Thanks for all that info Poppy. Eating the "ideal" and perfect diet is definitely harder to do in practice than you'd think. I'll definitely try to get better and better about incorporating even more veggies/fruit into my diet though  I'll listen to that YT video.


Well I could complain all night, but that's not very fun lol. And I really don't have things nearly as bad as so many other people do so I don't want to complain that much. I think I'll watch the finale of season 3 of "Hannibal". Pretty good show and a good interpretation of the "Lecter" storylines. I hope it gets a 4th season eventually.


----------



## Poppy (Sep 11, 2015)

martinaee said:


> Thanks for all that info Poppy. Eating the "ideal" and perfect diet is definitely harder to do in practice than you'd think. I'll definitely try to get better and better about incorporating even more veggies/fruit into my diet though  I'll listen to that YT video.


Yes, I agree. So many of the typical breakfast meals include grains/bread of some sort. Toast, bagels, pancakes, waffles, English muffins, muffins... etc. Donuts! It takes a mindset to get away from all that stuff.
Be well my friend.


----------



## more_vampires (Sep 11, 2015)

No grains? Sounds paleo! 

http://www.candlepowerforums.com/vb/showthread.php?404334-The-CPF-Diet-Thread-Part-2
For breakfast, I like an avocado and a couple slices of sandwich ham. Coffee (no sugar) with unsweetened almond milk.

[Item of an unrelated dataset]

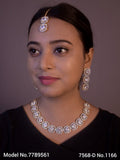 Original Cz Traditional Necklace - Style 1 - Amaara World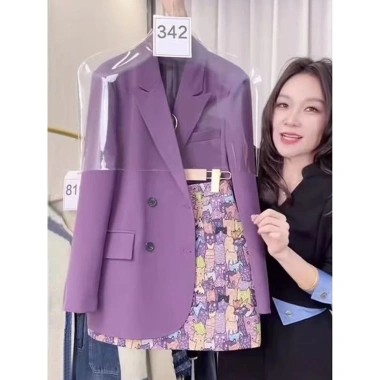 Bộ vest 2 món thời trang Tây nữ áo khoác in họtiết + váy hot YT9U - phong cách khí chất, giảm giá 336.960₫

It's definitely a change in mindset, but seriously I lost 61 lbs without working out on this. Education and internalizing the study was the key for me, so I didn't have to fight it.


----------



## RBR (Sep 27, 2015)

.....


----------



## ven (Sep 27, 2015)

As above, hope things a going as well as possible Martin, never out of my thoughts!


----------



## wacbzz (Sep 27, 2015)

I just found this thread. 

Martin, I hope you are doing as well as is earthly possible. There are ways in which I can relate to what you are going through, and others in which I cannot, but this thread is about you. You can PM me _anytime _you like about anything that crosses your mind. 

My best wishes are coming your way along with high hopes for strength and perseverance during all this.


----------



## martinaee (Sep 28, 2015)

Holy heck. You guys really are making me feel better coming back and seeing people asking about me in this thread! I had chemo session 5 this past Friday so I've been feeling pretty not-good to say the least. I haven't even been on the internet since then. Today I'm finally starting to feel a little better though so that's good. I don't know how I'm going to do a supposed 7 more of these sessions. Hopefully it's fewer. Ugh... the gross nausea feelings you get from chemo are the worst. I seriously would rather get a bone marrow biopsy or two every time over this, but whatever lol. I guess I don't have a choice. Also the smells associated with nausea.... ugh. This is the first time in my life I've had something that I can just think about that almost makes me vomit. Even just picturing going to get it done mentally makes my body go "nope".

I laughed because I just read a thread on Reddit.com, r/askreddit about "what's the worst non-pain feeling you can experience" and somebody listed nausea as one. LOL it counts to me now as pain... I think I would rather have a physical pain at a specific part of my body over intense chemical induced nausea. I guess it basically is poisoning so your whole body feels so disgusting for several days until you can get it all out of your body.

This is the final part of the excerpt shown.